Cashion A K, Hathaway D K, Stanfill A, Thomas F, Ziebarth J D, Cui Y, Cowan P A, Eason J
National Institutes of Health/National Institute of Nursing Research, Bethesda, MD, USA; The University of Tennessee Health Science Center, Memphis, TN, USA.
Clin Transplant. 2014 Nov;28(11):1271-8. doi: 10.1111/ctr.12456.

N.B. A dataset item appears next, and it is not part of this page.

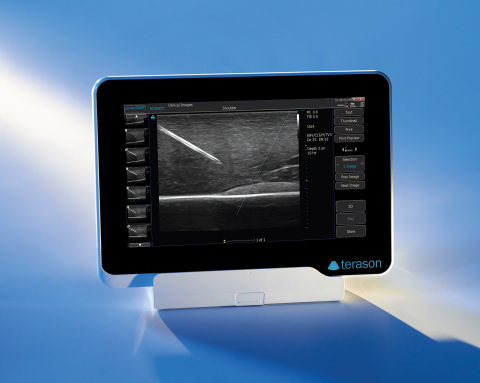 New uSmart 3200T Ultrasound System with enhanced image quality and advanced features in less than five pounds! (Photo: Business Wire)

Clinically useful predictors of weight gain could be used to reduce the epidemic of post-kidney transplant obesity and resulting co-morbidities. The purpose of this study was to identify predictors of weight gain at 12 months following kidney transplant in a cohort of 96 recipients. Demographic, clinical, and environmental data were obtained at transplant and 12 months. Descriptive, correlational, and Bayesian network analysis were used to identify predictors. For the 52 (55.9%) recipients who gained weight, the average amount gained was 9.18 ± 6.59 kg. From the 15 baseline factors that met inclusion criteria, Bayesian network modeling identified four baseline predictors for weight gain: younger age, higher carbohydrate consumption, higher trunk fat percentage, and higher perception of mental health quality of life. Three are modifiable through either pre- or immediate post-transplant clinical intervention programs.
临床上有用的体重增加预测指标可用于减少肾移植后肥胖症的流行及其引发的合并症。本研究的目的是在96名肾移植受者队列中确定肾移植后12个月体重增加的预测指标。在移植时和12个月时获取了人口统计学、临床和环境数据。采用描述性、相关性和贝叶斯网络分析来确定预测指标。对于52名(55.9%)体重增加的受者,平均增加量为9.18±6.59千克。在符合纳入标准的15个基线因素中,贝叶斯网络建模确定了体重增加的四个基线预测指标:年龄较小、碳水化合物摄入量较高、躯干脂肪百分比较高以及对心理健康生活质量的认知较高。其中三个指标可通过移植前或移植后即刻的临床干预方案进行调整。